Having described some of the key properties of natural understanding we turn to the artificial kind as defined in the introduction. Many existing artificial intelligence systems are implemented in computational neural networks such as deeply layered convolutional neural networks that roughly approximate the function of neural cells in brain tissue. Contemporary deep neural networks evolved from early neurally inspired machine learning architectures such as the Pandemonium and the Perceptron pioneered in the 1950s (Rosenblatt, 1958; Selfridge, 1959). In these early models, continuous input data is first discretised by “feature detectors” and then passed to intervening layers of neurons that are weighted to respond to properties of the features. Based on the sum of all the weights the system reaches a decision processing about the most probable output. These models in turn inspired the later parallel distributed approaches to artificial intelligence that were developed by Rumelhart and McClelland (1986) and in many ways provided the core architecture of today’s artificial neural networks and machine learning systems.

A typical artificial neural network tasked with, say, classifying objects in photographs will take an image as input, divide it into sub-sections (such as pixel colour values or clusters of pixels), pass those values to an array of nodes or neurons in one of what may be many interconnected “hidden” layers of such arrays, apply weights and biases in order to arrive at a probabilistic estimate of the likely class of the input, and pass the result to an output layer that can be read off by the user. By supplying the network with many training images, and by gradually optimising the weightings and bias using error correction techniques such as backpropagation, the network will eventually learn to classify its target objects with a degree of accuracy that depends on factors such as the size of the training dataset, the number of layers in the networks, and the amount of error correction provided. A simple feedforward example of this architecture is illustrated in Figure 4.

FIGURE 4

Figure 4. A simple feedforward neural network architecture showing an input layer that serves to discretise the target data, one hidden layer that contains nodes or “neurons” that can adjust their probabilistic weights, and an output layer where the decision of the system can be read off.

Since the explosion of research in artificial neural networks and deep learning techniques in the 2010s, and the accompanying exponential increase in raw computing power, a plethora of designs and methods have evolved for implementing machine learning (LeCun et al., 2015; Aggarwal, 2018). In the case of a contemporary deep learning system like BERT, the Bidirectional Encoder Representations from Transformers, several methods are combined in order to optimise performance in a range of natural language understanding tasks, with the relative performance of different variants of BERT being tested against standardised benchmarks such as SuperGLUE (Wang et al., 2019).

In these tests, passages of text are presented to humans or computers to elicit a correct answer. Different kinds of understanding are tested, including reading comprehension, choosing correctly between alternatives, or reasoning correctly based on a hypothesis. For example, in the following causal reasoning task (Roemmele et al., 2011), given the statement: “My body cast a shadow over the grass” and the question: “What’s the CAUSE for this?”, the responder must choose between alternative 1: “The sun was rising” and alternative 2: “The grass was cut,” the correct alternative being 1. In 2021, the DeBERTa variant of BERT was shown to surpass human performance against the SuperGLUE benchmark by a comfortable margin in some tests (He et al., 2021).
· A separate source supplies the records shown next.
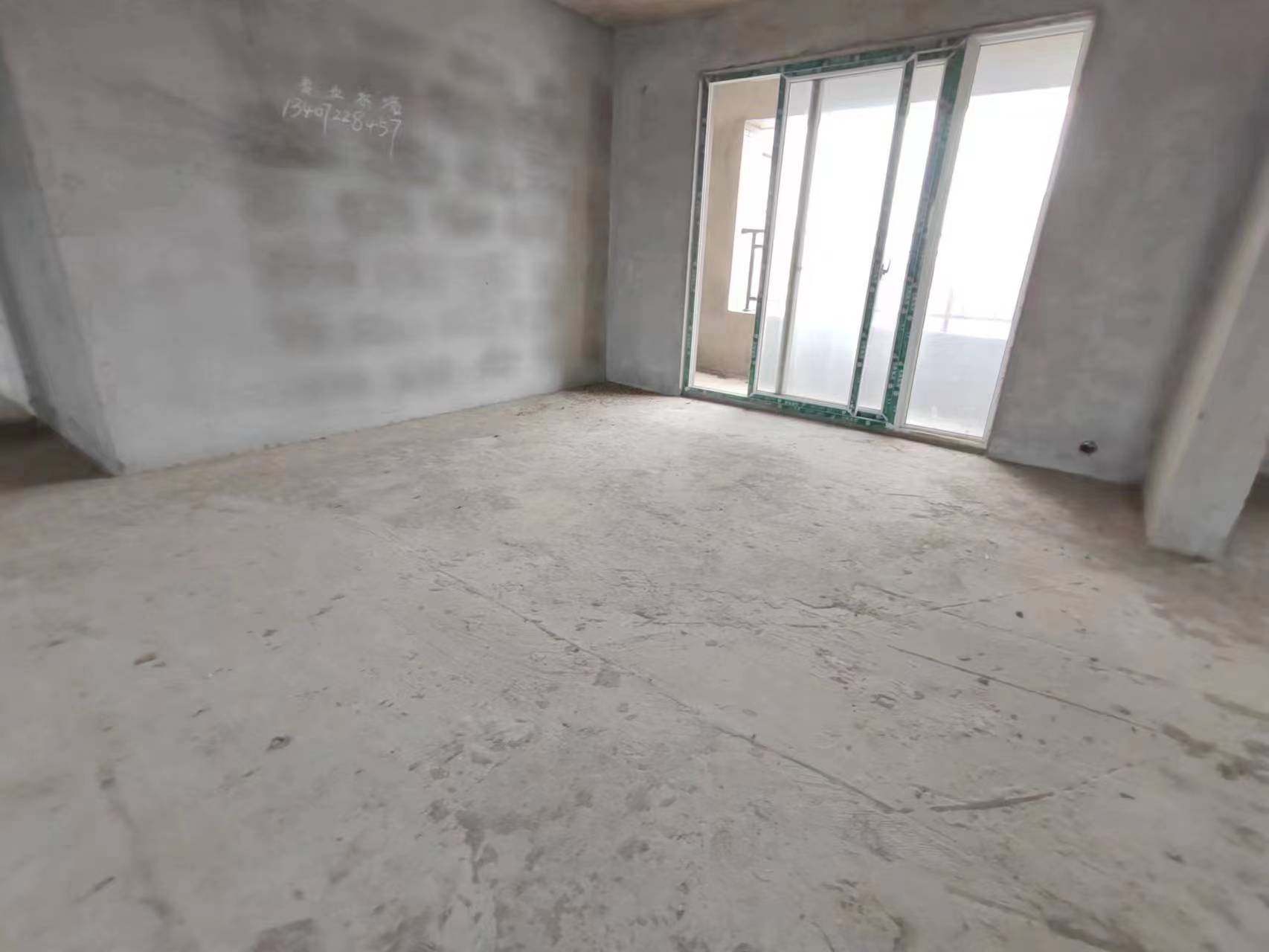 和合国际.毛坯大三房.學曲房.证件满二.看房方便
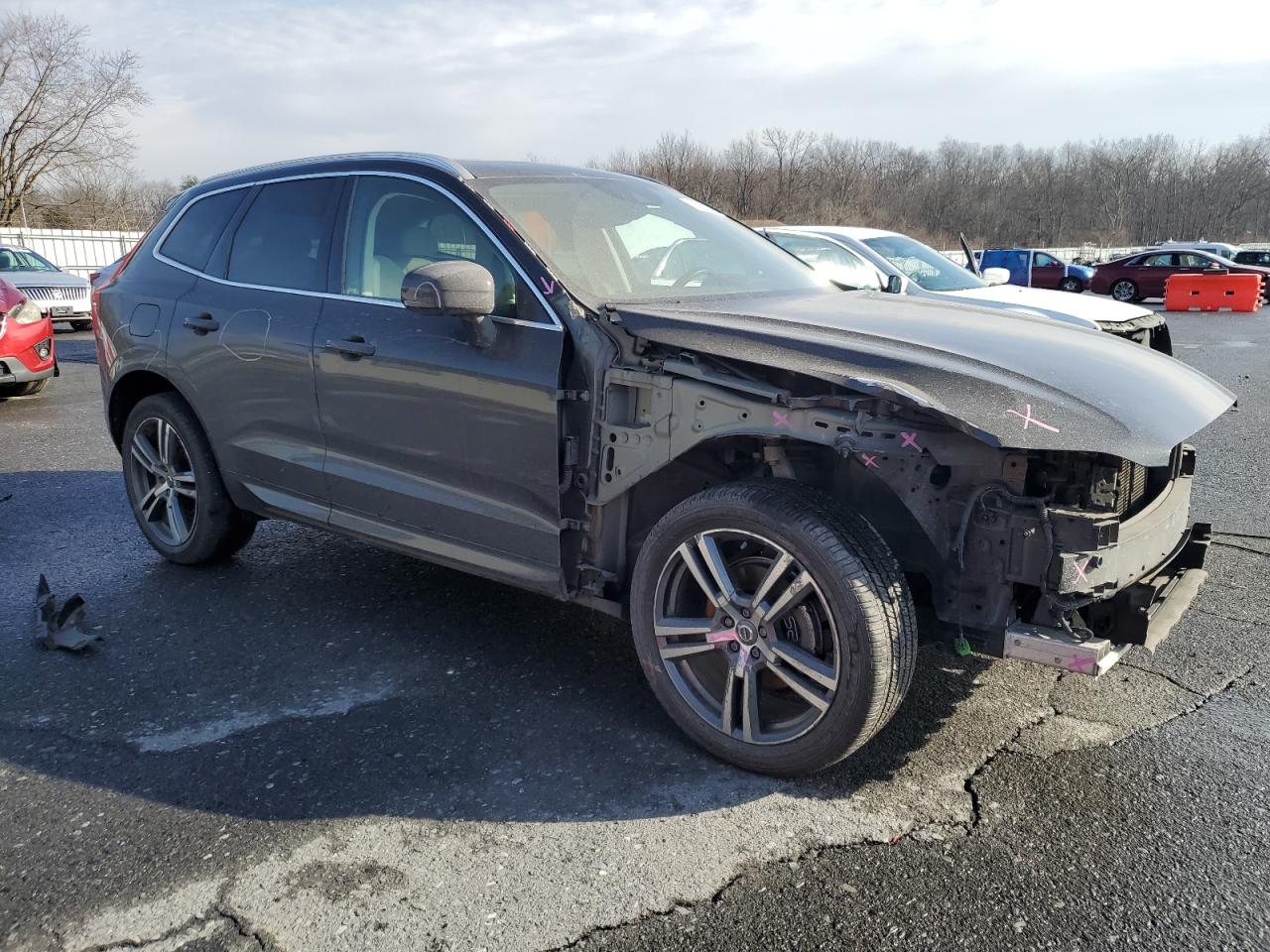 2018 Volvo XC60 VIN YV4102RK2J1006993 Copart auction photo, front end / minor dent/scratches damage thumbnail 4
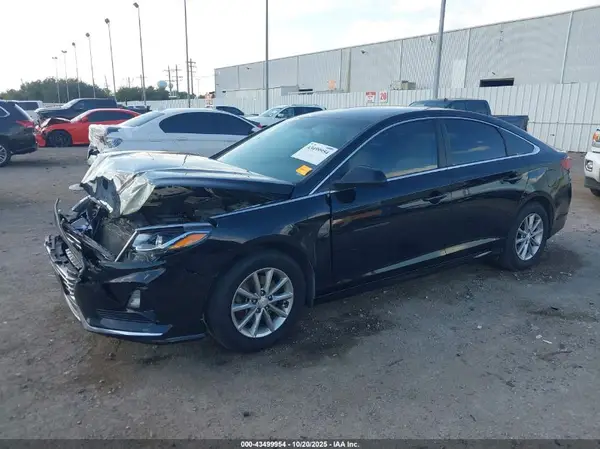 5NPE24AF9KH810887 2019 HYUNDAI SONATA - Image 2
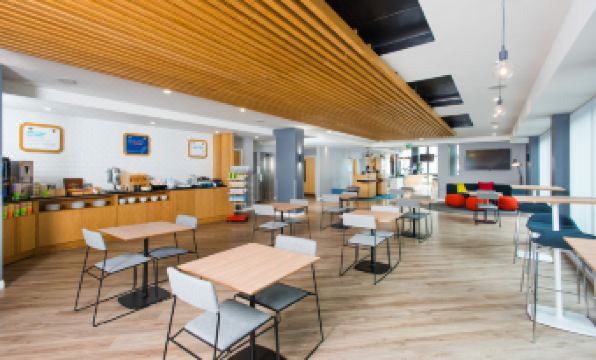 Holiday Inn Express LEEDS CITY CENTRE - ARMOURIES by IHG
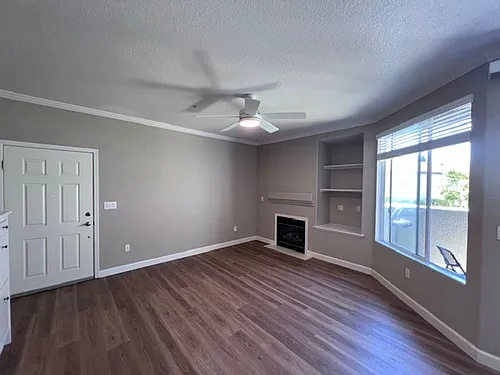5201 Laguna Oaks Dr Photo 1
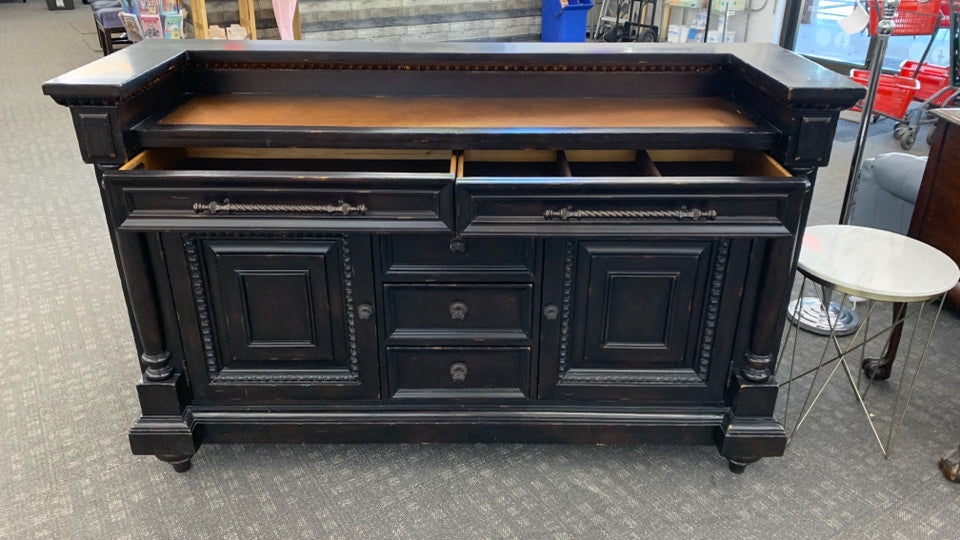 TOMMY BAHAMA KINGSTOWN BUFFET W/COPPER TOP.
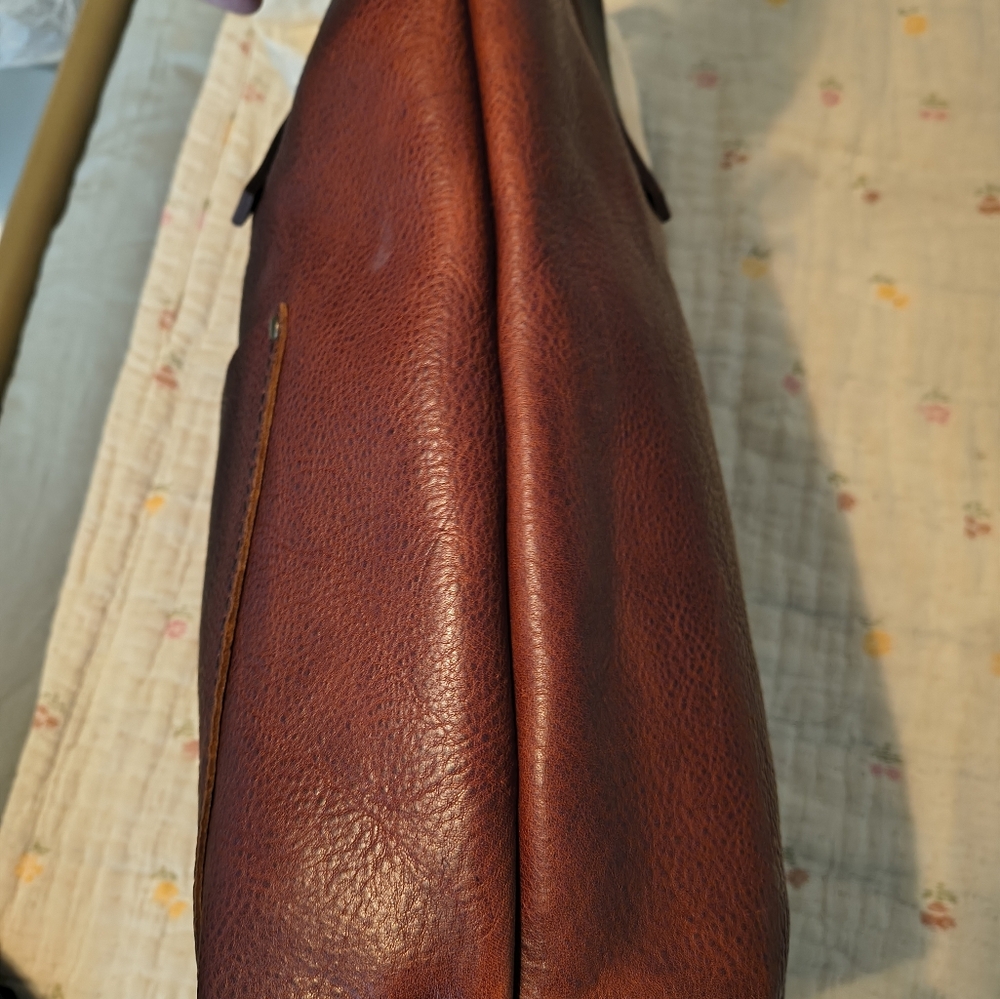 Portland Leather Goods Medium Zipper Tote - Picture 5 of 10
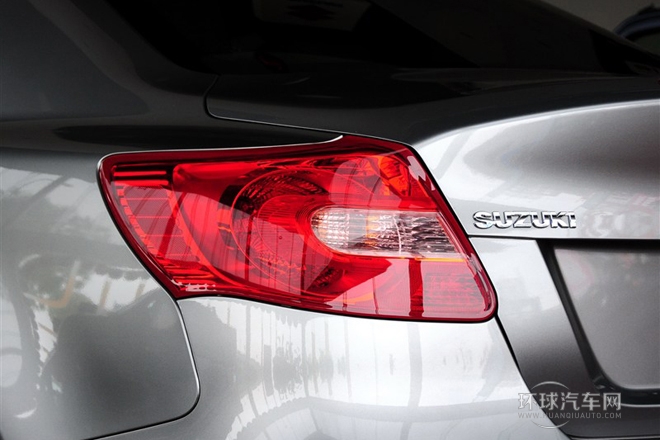 2011款 2.4L四驅(qū)豪華導(dǎo)航版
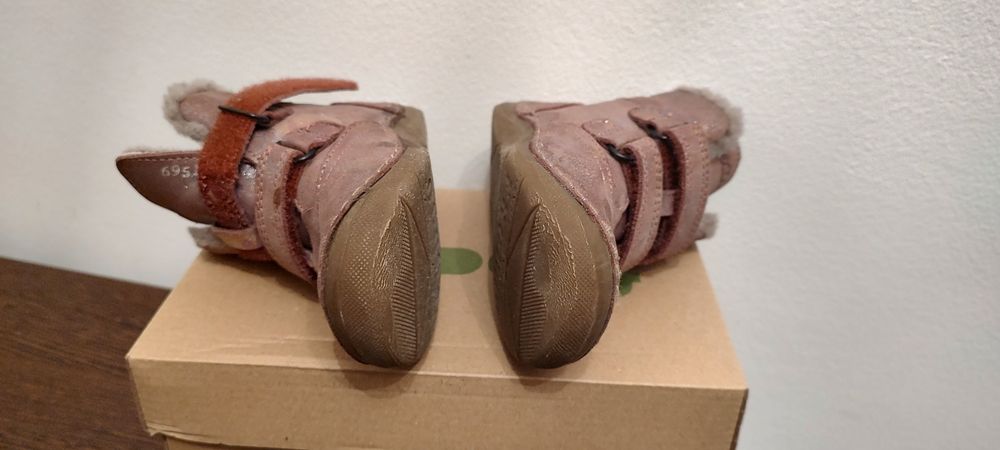 Ghete Froddo din piele, cu blana naturala, marimea 23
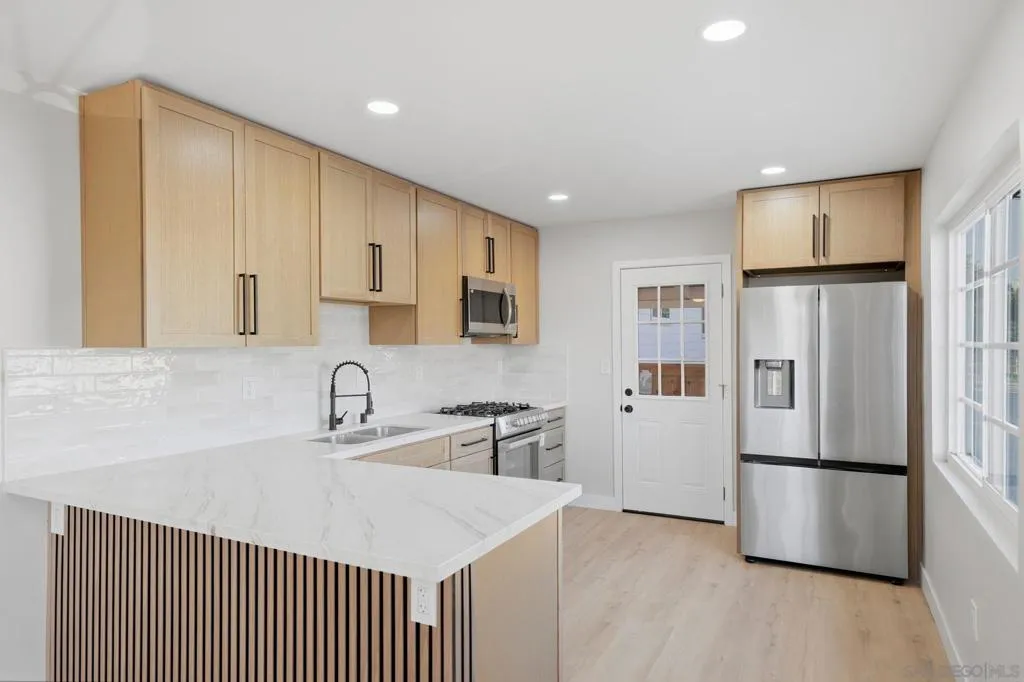 4665 67 E Thorn St, San Diego, California 92105 home-pic-27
Image classification systems are designed to recognise, segment, or locate objects in images using convolutional neural networks that employ similar techniques to those of natural language processing systems but trained on vast databases of human annotated photographs stored on repositories such as ImageNet⁵. Competing models have been pitted against each other in contests such as the ImageNet Large Scale Visual Recognition Challenge or ILSVRC, which began in 2010 (Russakovsky et al., 2015). The ImageNet challenge uses a large dataset of annotated images from the database for training and a smaller subset for testing from which the annotations are withheld. The competing classifiers are required to perform several kinds of recognition and detection tasks on the test dataset, including predicting the classes of objects present in the image and drawing bounding boxes around objects (tasks not dissimilar to the cubist painting example discussed above). A breakthrough in image classification performance was made in 2012 with the introduction of the AlexNet architecture (Krizhevsky et al., 2017) which achieved the then unprecedented score in the ImageNet challenge of 63.3%. By 2021, systems such as Convolution and self-Attention Net (CoAtNet) were achieving accuracy scores of 90.8% (Dai et al., 2021).

Given that these natural language and image classification machines are routinely achieving 90 + % accuracy, and in some cases outperforming humans, there is a sense in which they can be rightly said to have a capacity for understanding, even though they are implemented in very different substrates from the biological tissue and processes that instantiates natural understanding. After all, show them a sentence with a missing word or a photograph containing many objects and they will reliably be able to predict the missing word or label the objects. This capacity for comprehension, reasoning, recognition, and detection implemented in digital computers is what is referred to here as artificial understanding.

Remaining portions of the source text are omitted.